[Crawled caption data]
__________
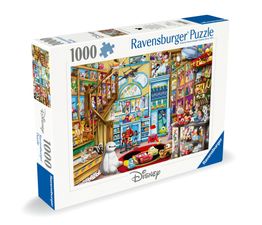 Ravensburger - Disney Pixar Toy Store 1000 Piece Jigsaw Puzzle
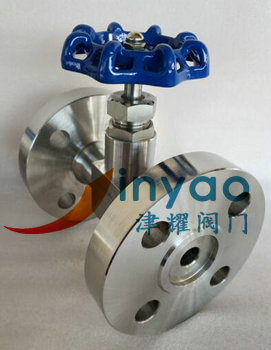 针型阀J43W-64P/100P 针型阀J43W-64P/100P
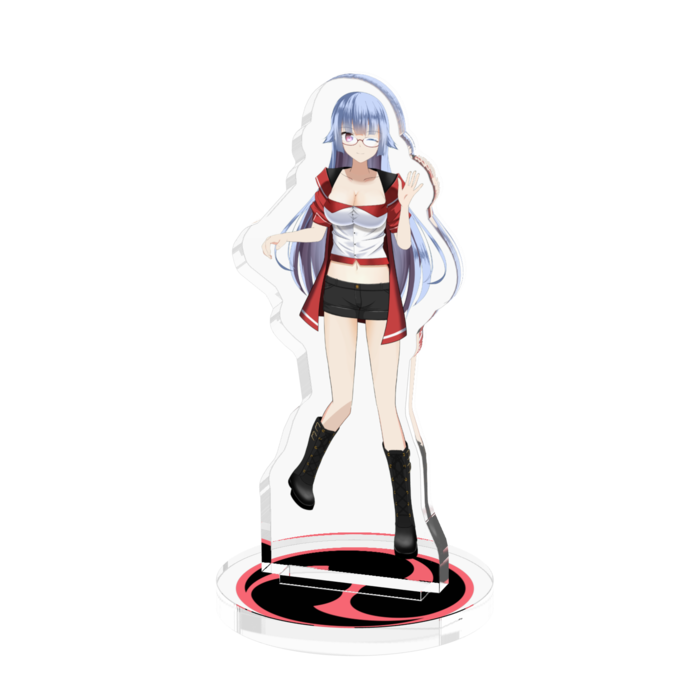 アクリルフィギュア - 50x50mm
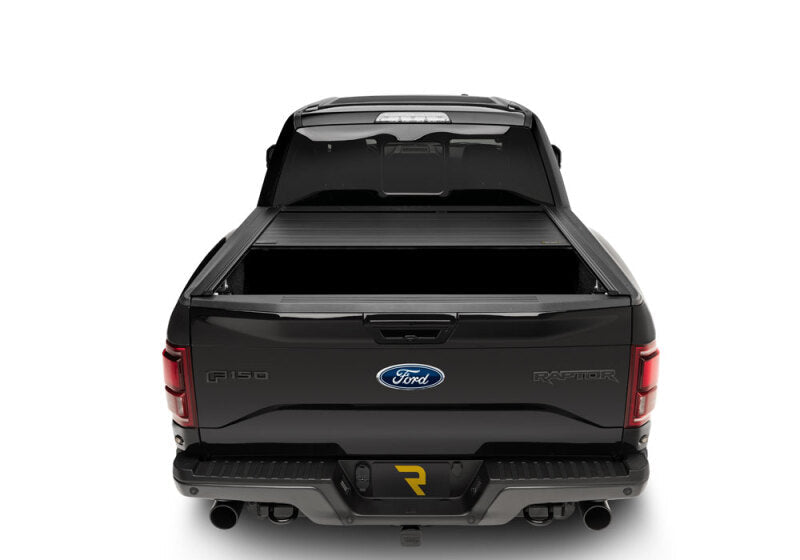 Retrax PowertraxPRO MX | GMC Sierra 1500 (19-26) / Sierra AT4 (22-26) / Sierra AT4X (22-26) (90488) Tonneau Covers offroad accessory | Iron Ridge Offroad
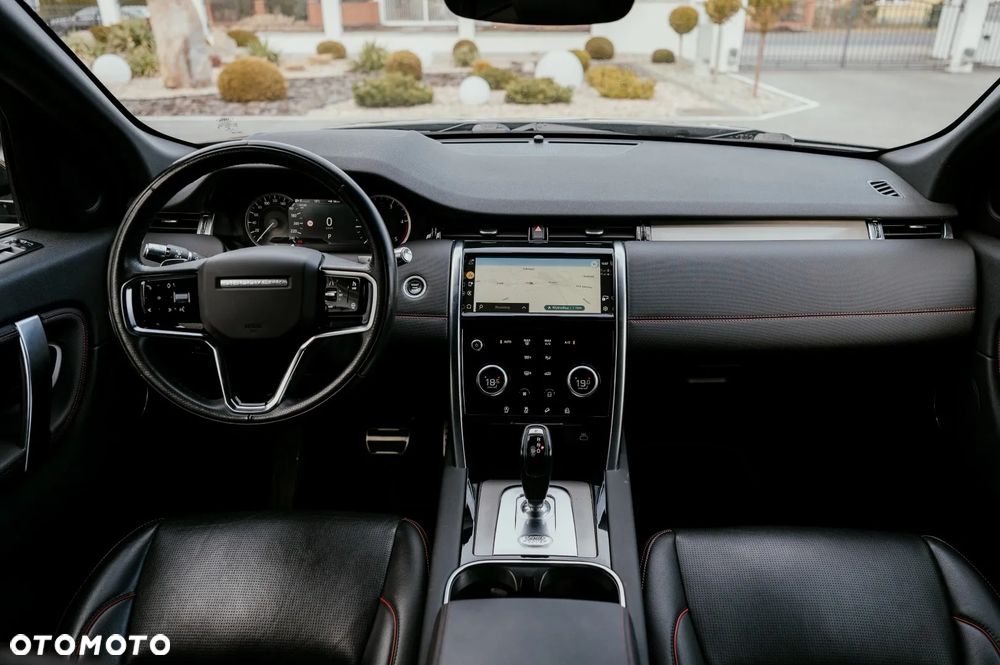 Land Rover Discovery Sport D165 Dynamic S - 18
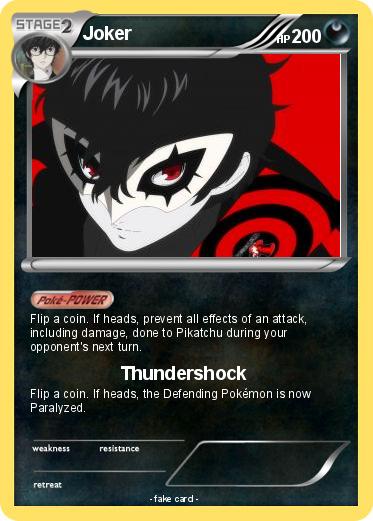 Pokemon Joker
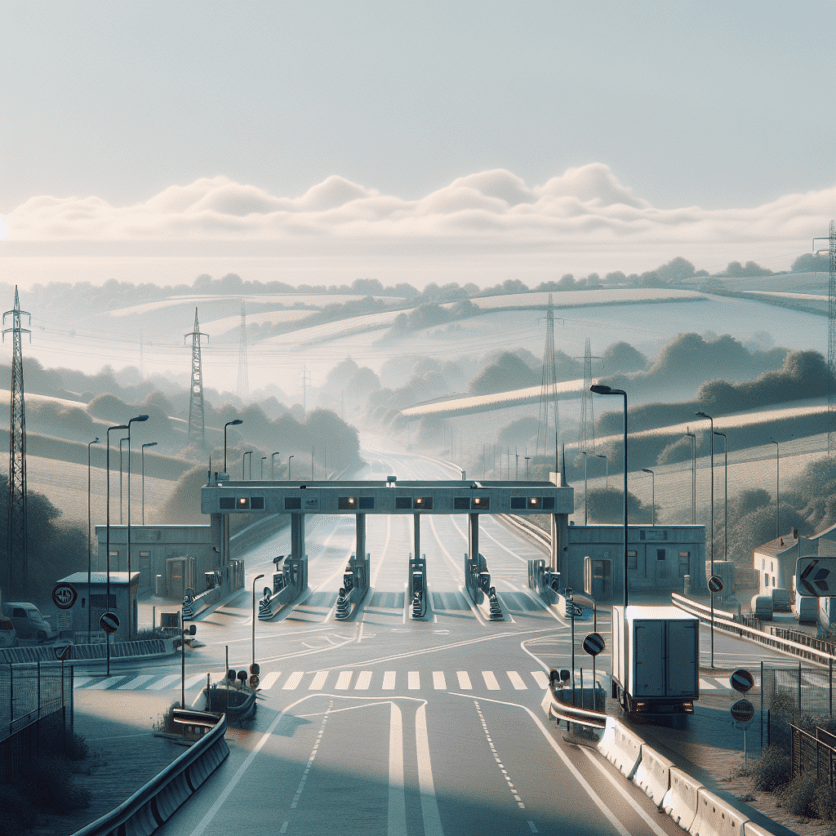 BPOLI EBB: Ohne Führerschein über die Grenze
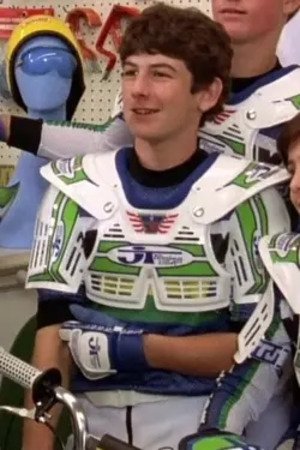 et billede af Gregory Brown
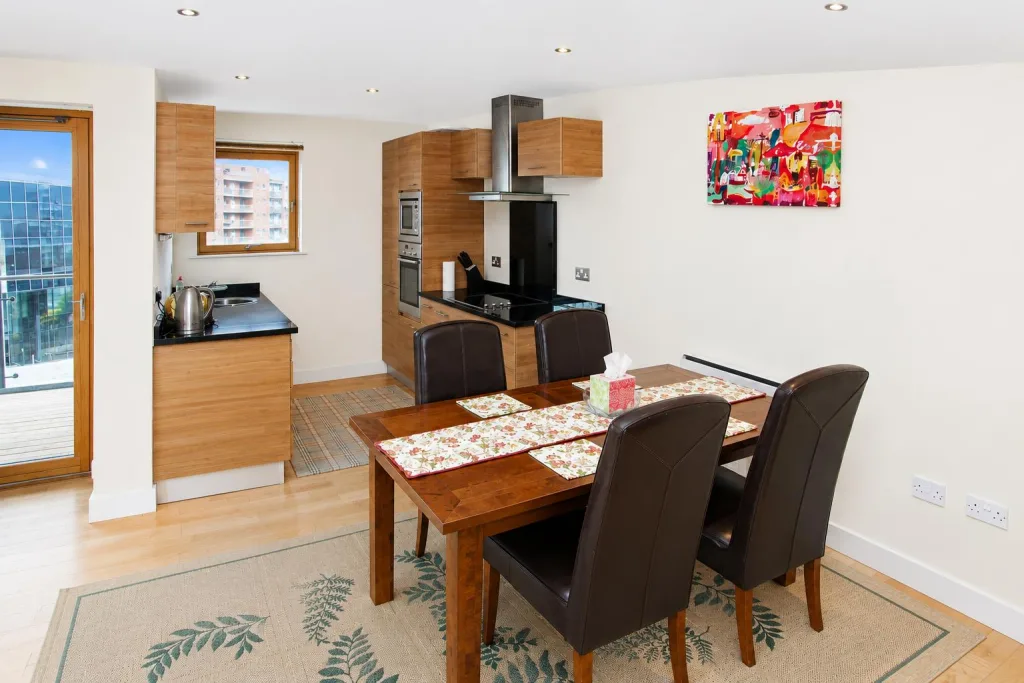 2 bedroom flat for rent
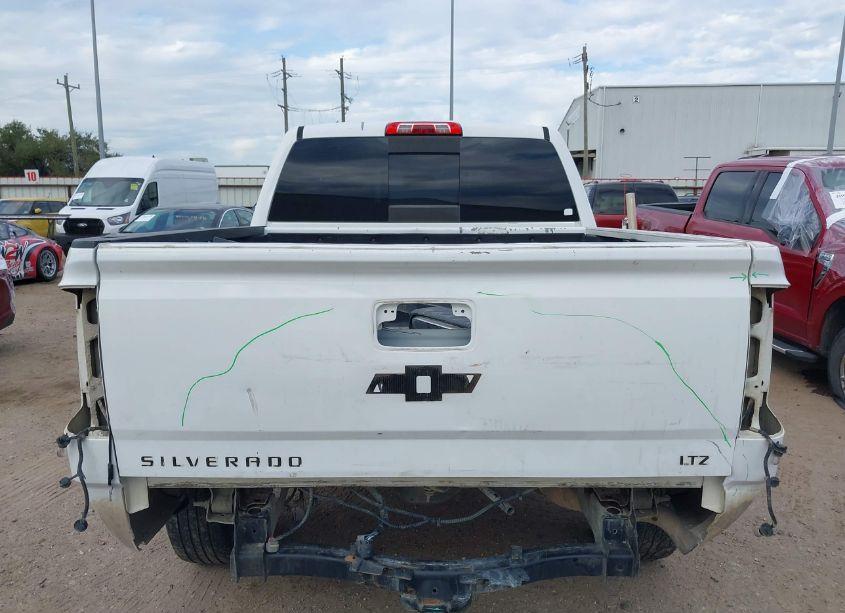 Photo 17 of 2014 Chevrolet Silverado 1500 2LZ (VIN 3GCUKSECXEG101494)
__________
The expected output is the exact run of lines from the one containing "et billede af Gregory Brown" through the final line of the data above, both ends included, with no pictures.

» Solution for this task:
 et billede af Gregory Brown
 2 bedroom flat for rent
 Photo 17 of 2014 Chevrolet Silverado 1500 2LZ (VIN 3GCUKSECXEG101494)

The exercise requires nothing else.